> _Task requirements_
Only the lines from the one that includes "Колеса до opel zafira B" through the last line below belong in the reply, copied exactly and without pictures.

> _Working data_
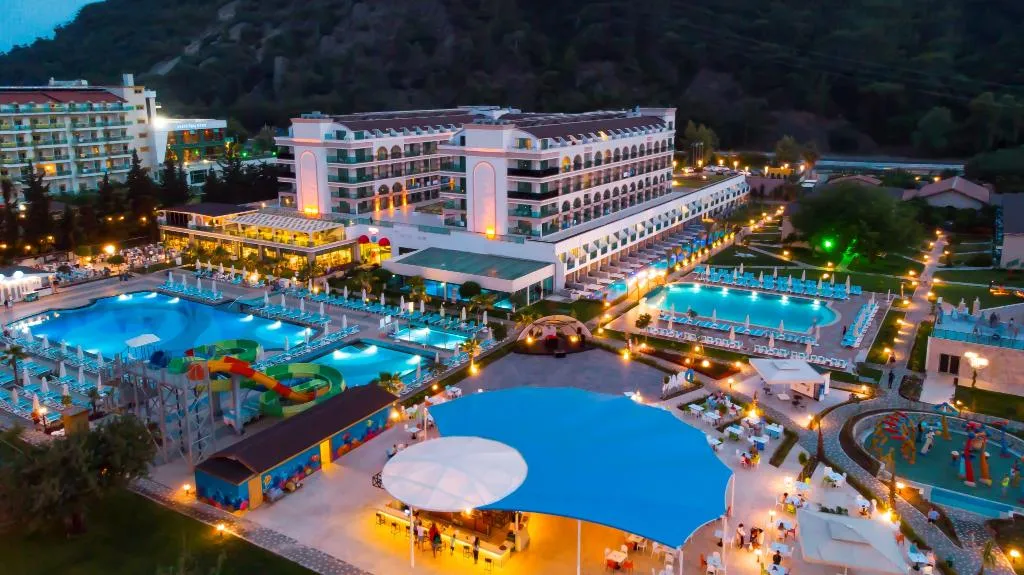 General view, Dosinia Luxury Resort, Antalya
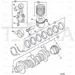 JCB Part No.# 02/801159, Bush small-end - JCB Spare Parts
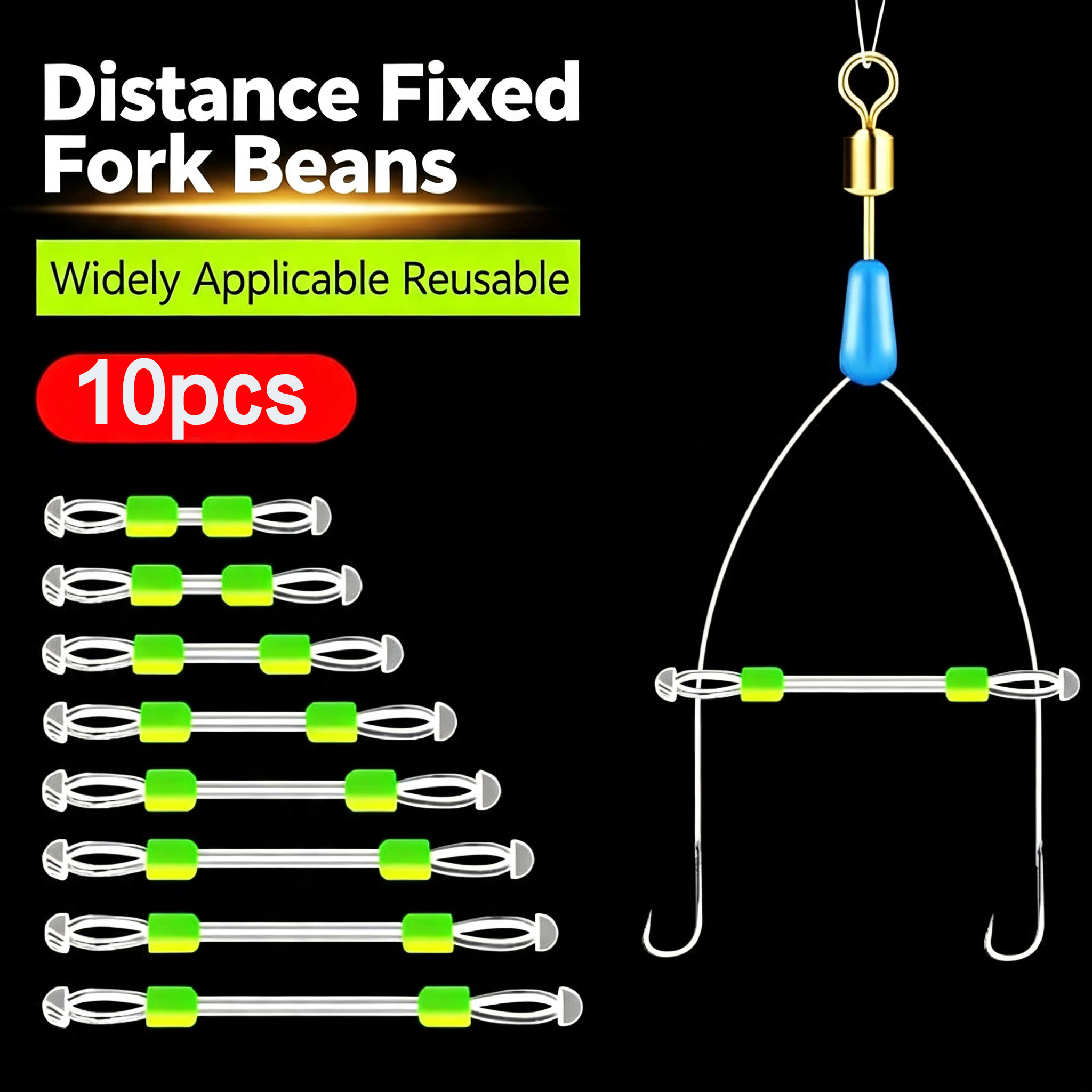 10 Pezzi Separatori per Lenza  - Fishing Line Winder recensione e prezzo
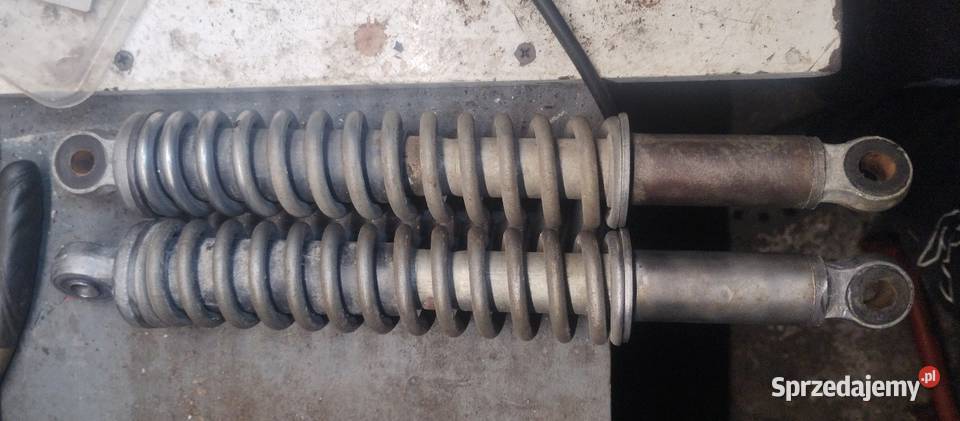 Amortyzatory Romet chart wielkopolskie Szamotuły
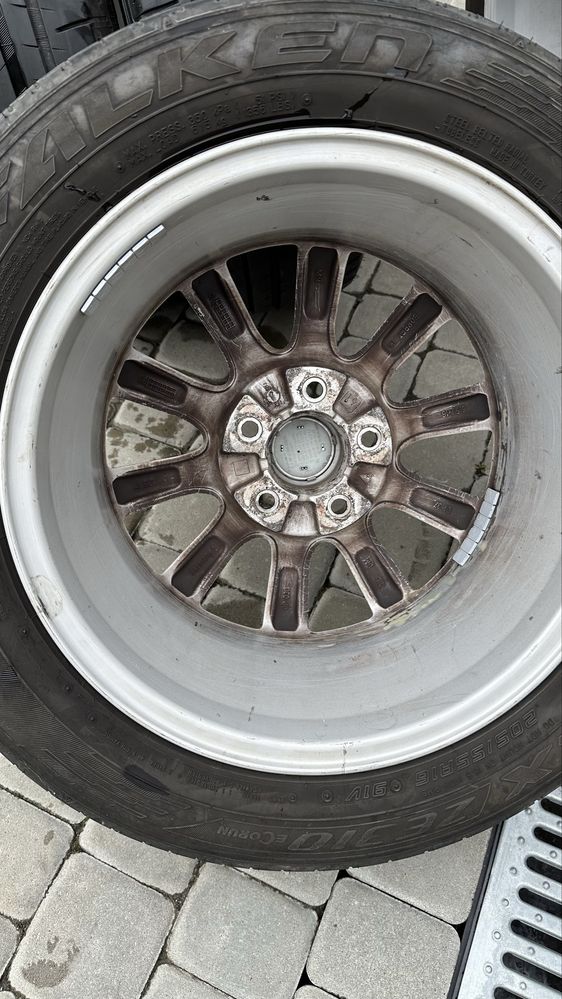 Колеса до opel zafira B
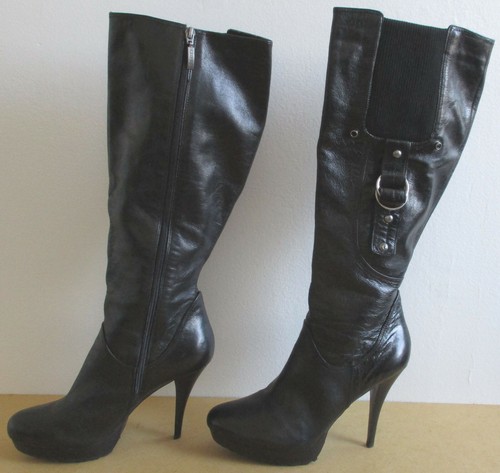 guess platform boots
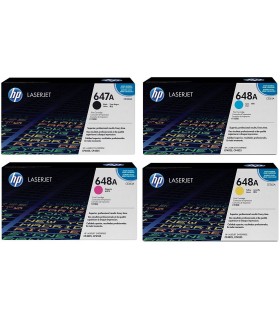 کارتریج لیزری رنگی اچ پی قرمز HP 648A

> _Output of the task_
 Колеса до opel zafira B
 guess platform boots
 کارتریج لیزری رنگی اچ پی قرمز HP 648A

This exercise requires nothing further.